# Extracted records:
=== Section Start ===
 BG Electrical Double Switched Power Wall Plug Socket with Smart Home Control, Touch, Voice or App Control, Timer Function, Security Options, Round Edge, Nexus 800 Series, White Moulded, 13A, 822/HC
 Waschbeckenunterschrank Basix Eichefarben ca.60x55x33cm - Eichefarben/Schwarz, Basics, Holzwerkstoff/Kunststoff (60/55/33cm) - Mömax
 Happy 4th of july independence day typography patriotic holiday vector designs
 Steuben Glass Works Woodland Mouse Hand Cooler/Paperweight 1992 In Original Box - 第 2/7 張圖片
=== Section End ===
=== Section Start ===
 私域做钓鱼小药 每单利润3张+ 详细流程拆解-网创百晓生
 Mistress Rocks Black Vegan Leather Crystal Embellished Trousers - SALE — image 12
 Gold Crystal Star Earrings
=== Section End ===
# Exercise description:
Of all the entries above, output exactly the lines between the one holding "Happy 4th of" and the one holding "Steuben Glass Works", inclusive.

# Solution to the problem:
 Happy 4th of july independence day typography patriotic holiday vector designs
 Steuben Glass Works Woodland Mouse Hand Cooler/Paperweight 1992 In Original Box - 第 2/7 張圖片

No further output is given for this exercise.